Why training & tech are key to recruiting female leaders

Jenny Johnson is Director of Waste & Recycling, LaBella Associates

Few sectors of business are as male-dominated as Waste and Recycling (W&R). Perhaps the notion that the industry is “dirty” has overshadowed the many benefits of working in W&R, which has evolved to create value from waste for the good of the environment.

Fortunately, the industry has recognized the disparity between male and female leaders and several companies are making strides to diversify their organizations and leaders. As one of the few female W&R leaders, it’s particularly important to me that we accelerate this progress further. But how?

Recruiting young women into the waste industry is directly related to preparing the females already working in this field to move into leadership roles. If girls and young women do not see female leaders, it is more difficult to imagine becoming one, so the first step is to give women in the waste industry more support through networking and leadership training that will propel them into key leadership roles.

On a national level, the National Waste & Recycling Association (NWRA) has led the way by establishing the Women’s Council in 2003. The Council’s mission is to foster the professional development of women in the waste industry, while striving to increase their business, financial, and leadership skills through education, workshops, mentoring, and networking.

More recently, Women in Solid Waste & Recycling (WISR) was created in 2017 with a similar mission: to diversify the decision makers in the waste and recycling industry by empowering women to take on leadership roles through networking, professional development, and training.

These associations have improved the opportunities for women who have actively participated, but more needs to be done, particularly for women who do not have physical access to these national groups. The accessibility of women’s chapters of national solid waste associations on a local level would increase women participation in networking and leadership training.

Unfortunately, it can be difficult to establish women’s chapters of waste organizations at the local level because the number of women working in the waste industry in a particular region is not always sufficient enough to warrant the creation of a local women’s chapter. Considering that the number of women in the waste industry is growing faster in the public sector than in the private sector, developing women’s groups in the Solid Waste Association of North America (SWANA) state chapters would logically have the greatest chance for success.

Waste industry companies and local government departments (i.e. public and private sectors) can support the recruitment and professional development of women by encouraging their female employees not only to become members of women waste association groups like the Women’s Council or WISR, but also to be actively involved in that membership.

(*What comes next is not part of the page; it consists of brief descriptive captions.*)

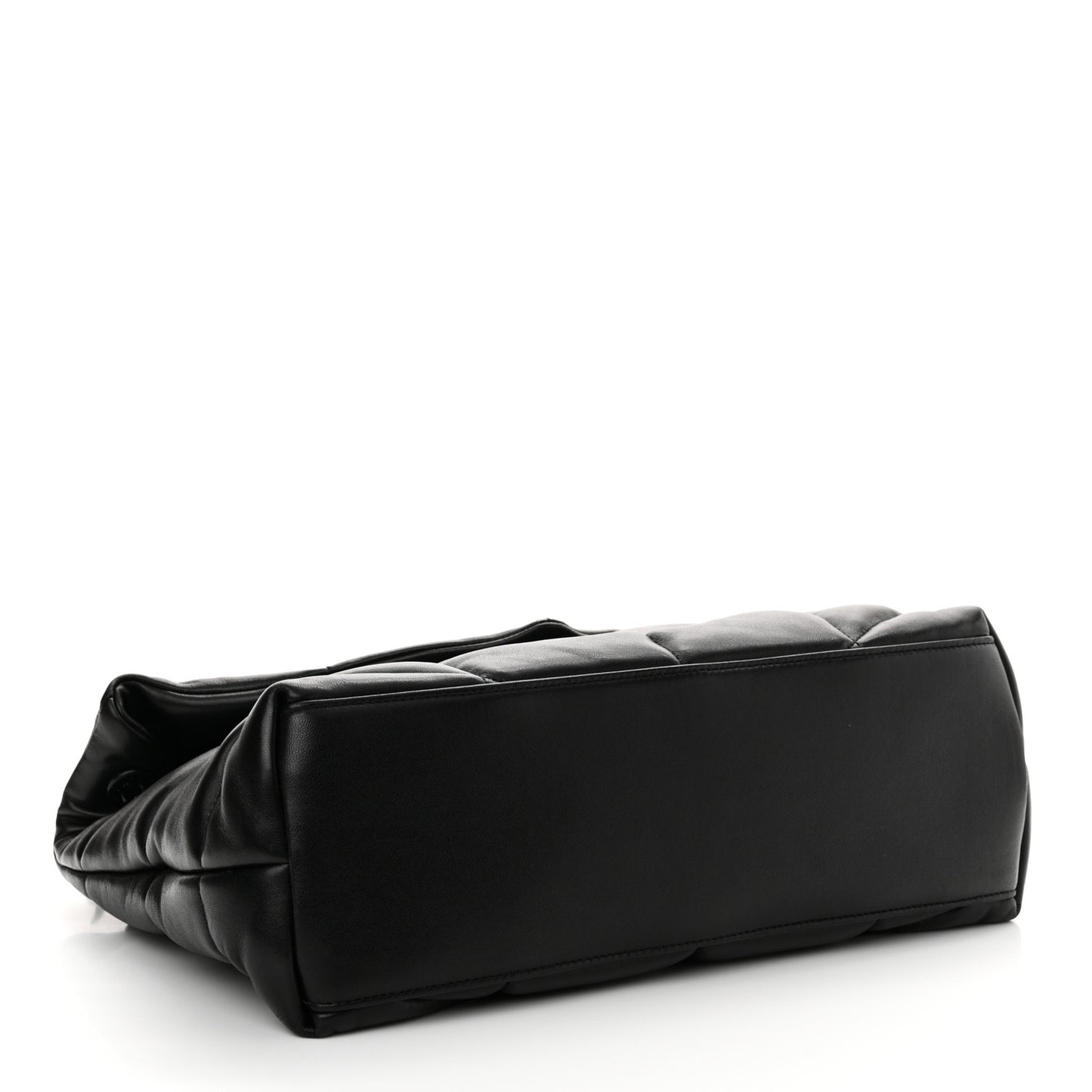 Lambskin Quilted Monogram Monochrome Medium Loulou Puffer Chain Satchel Black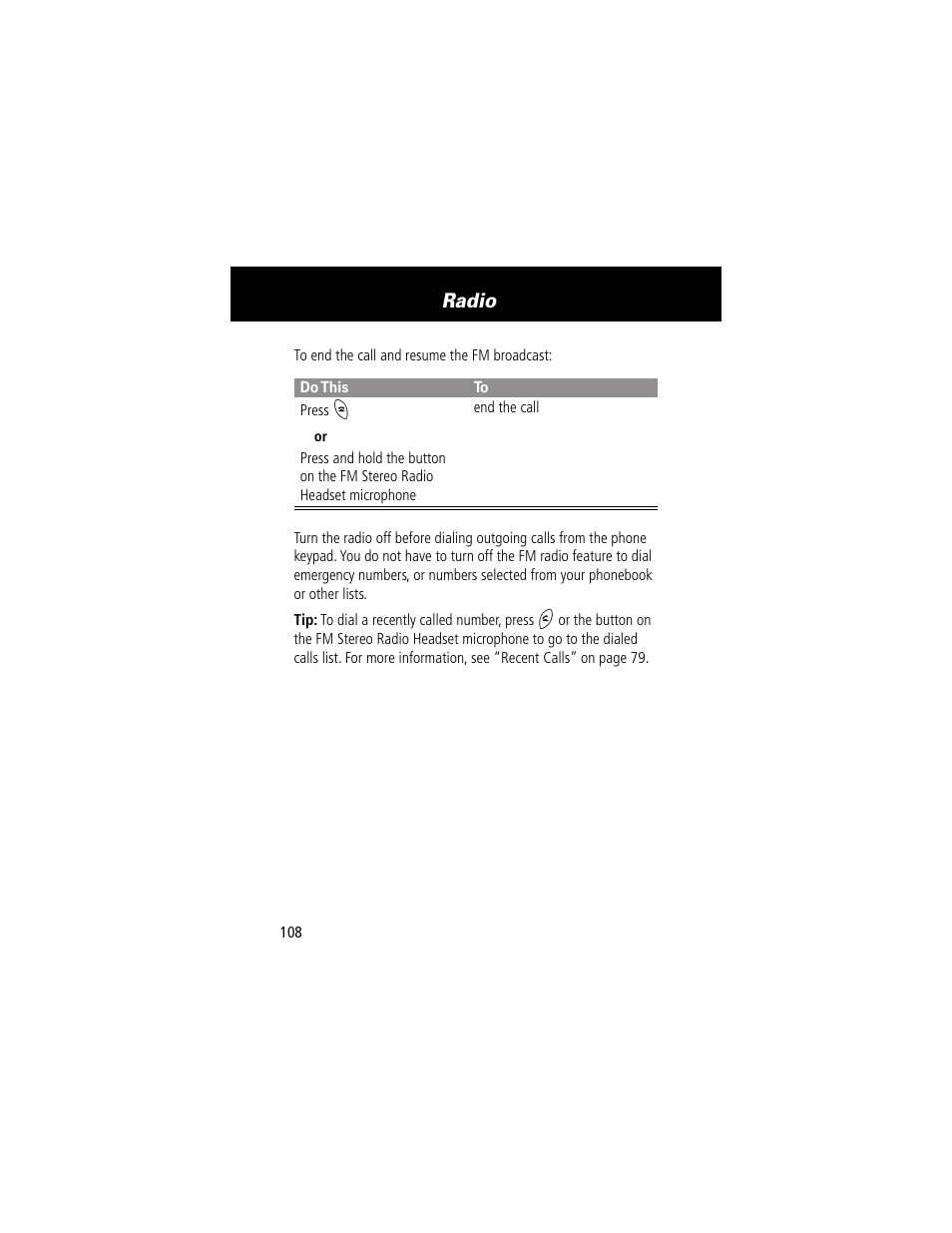 Radio | Motorola 280 User Manual | Page 110 / 222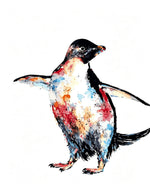 Watercolour penguin cross stitch kit for beginners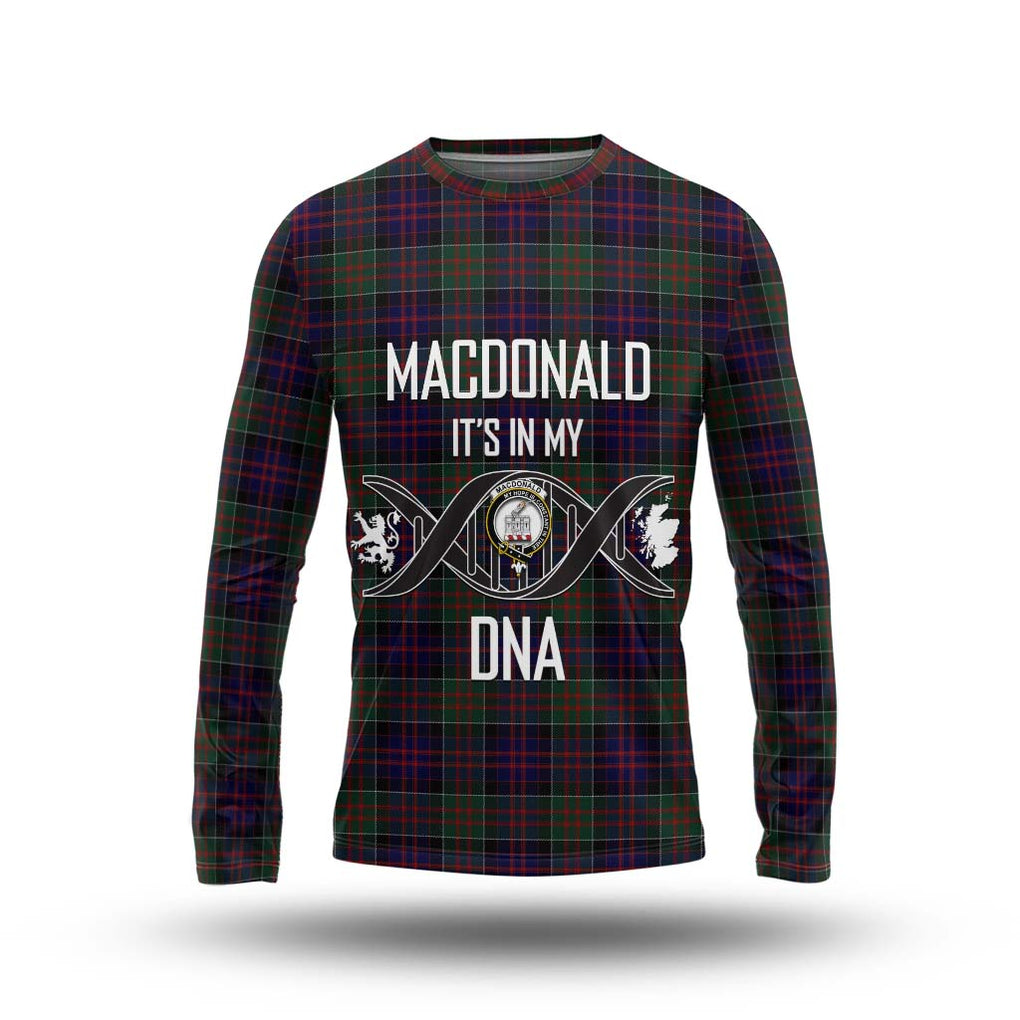 MacDonald (McDonald) of Clanranald Tartan Long Sleeve T-Shirt with Family Crest DNA In Me Style Unisex - Tartanvibesclothing Shop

Successful active participation includes employer support for participating in committees and attending meetings and annual networking events, regardless of their geographic location. If the public and private sectors were to invest in their women in this manner at all levels of leadership, creating women-focused groups at the local level could become a wide-spread reality.

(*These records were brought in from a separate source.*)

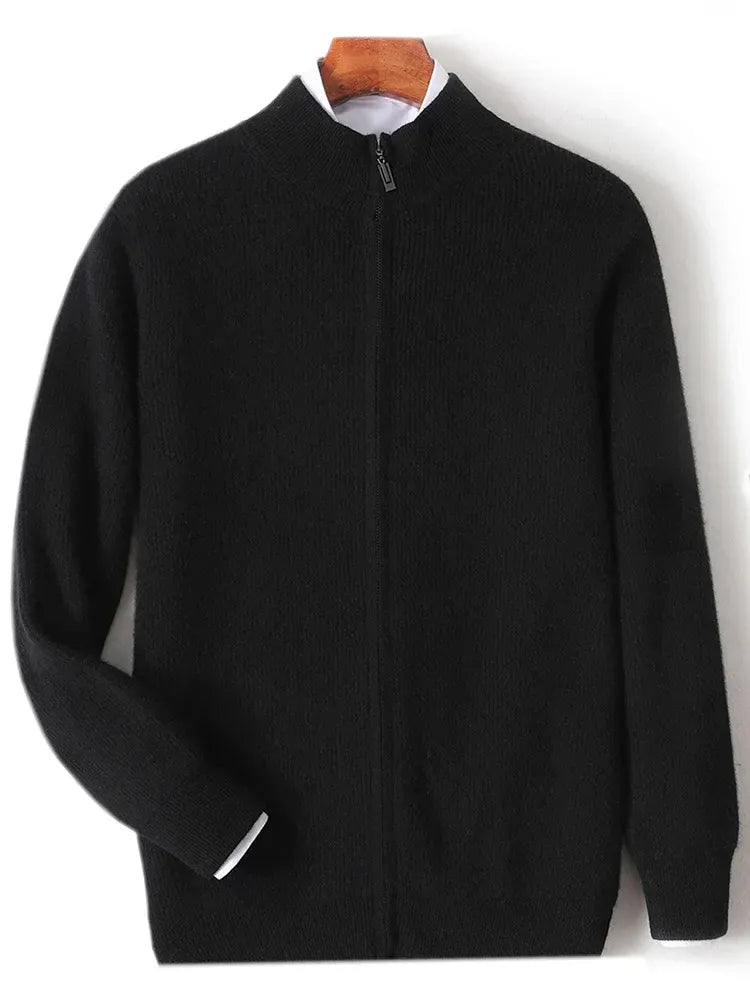 Ethan – Cardigan i merinould og cashmere med ståkrave og ribstrikket design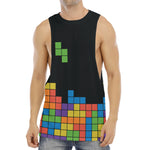 Colorful Brick Puzzle Video Game Print Men's Muscle Tank Top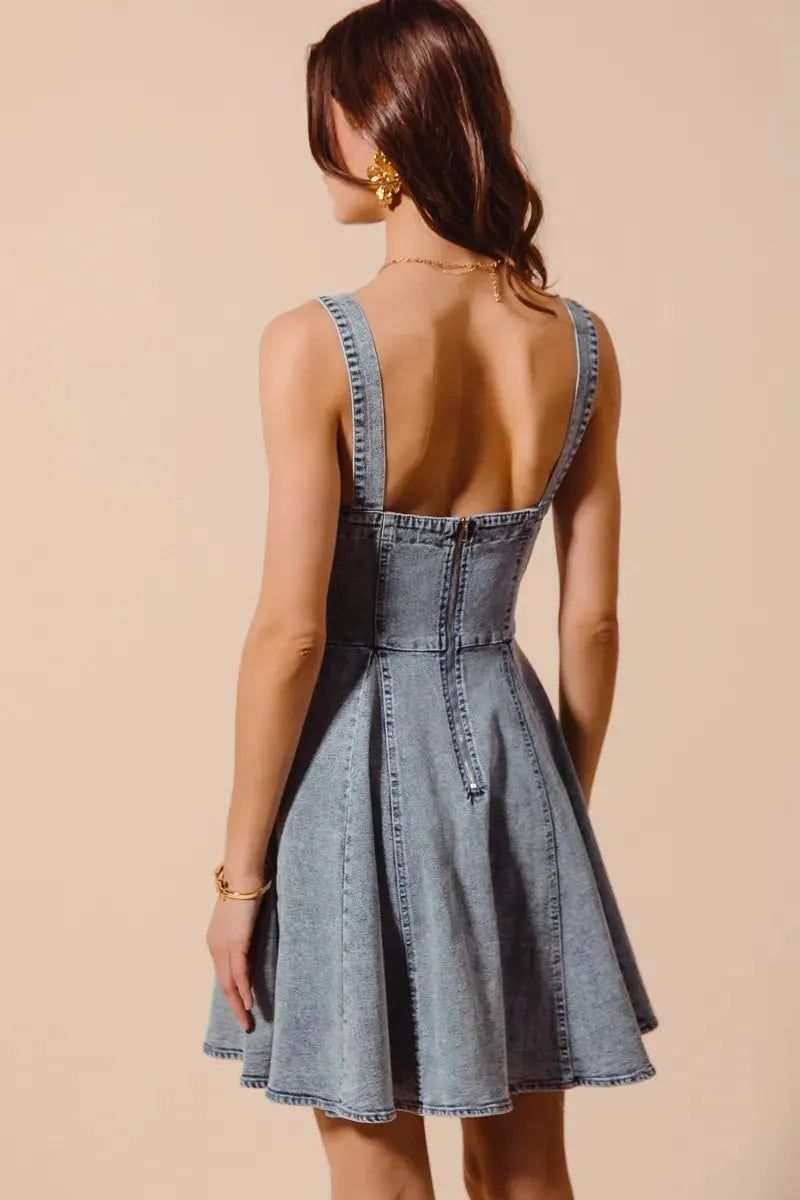 SO ME Mineral Washed Bow Ribbon Denim Flare Dress by Partner Label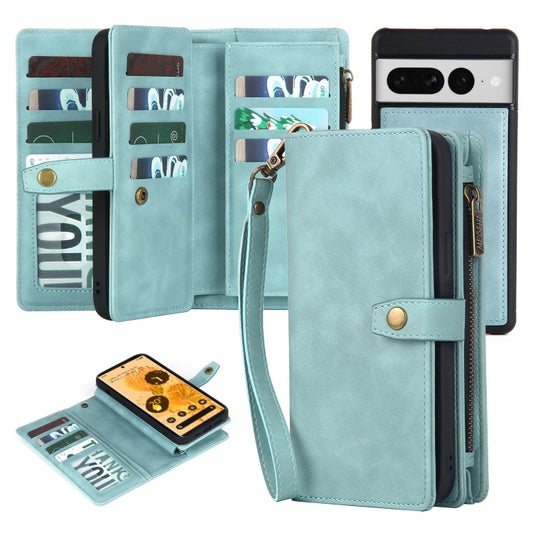 For Google Pixel 7 Pro Zipper Wallet Detachable MagSafe Leather Phone Case(Blue) - Google Cases by buy2fix | Online Shopping UK | buy2fix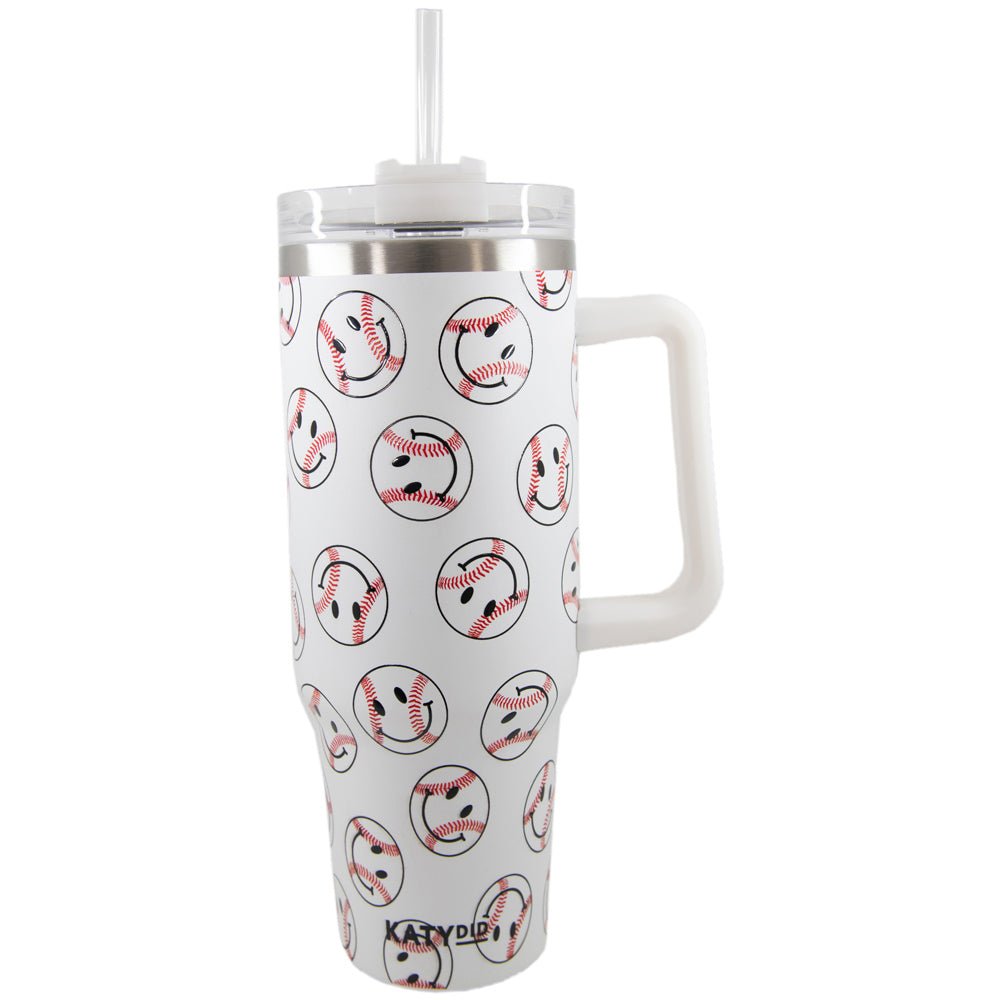 Baseball Happy Faces 40 Oz Stainless Steel Tumbler Cup - 260 Broadway Boutique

The second step in recruiting girls and young women into W&R is to encourage girls to consider careers in science, technology, engineering, and science (STEM) to develop the talent needed to be successful in our industry. NWRA Women’s Council recognizes this need and offers scholarships to students in pursuit of careers in the environmental industry. To attract young women to our industry, we also need to work hard to demonstrate the desirability of the industry by changing the perception of solid waste work being dirty, stale, and not interesting.

As those of us in the industry know, solid waste management encompasses more than collecting and disposing of waste in a landfill, which in and of themselves have their own challenges. Our youth need to understand that solid waste management involves innovative thinking, development of new technology, and the willingness to apply that new technology to incorporate changes into the existing system.

Being a part of that kind of change can be very exciting. For example, some of the innovations and challenges for our industry that I have witnessed during the past decade include:

  • Converting methane to electricity and renewable natural gas
  • The use of GPS in grading equipment
  • Designing, manufacturing, and installing artificial closure turf
  • Drone surveying
  • Creating markets for recyclables
  • Understanding and mitigating elevated temperature landfills
  • Treating leachate on-site via wetlands, reverse osmosis, and biological means
  • Solving the plastics problem
  • Developing economical alternatives for waste management other than landfills
  • Addressing emerging contaminants, such as PFAS

One of my personal goals to help impact this initiative is to become involved in local STEM educational programs. I believe that through direct interaction with our nation’s girls and young women, we can have the most impact on changing the perception of working in the solid waste industry.

Of course, this kind of change always takes time, which is why we have no time to waste.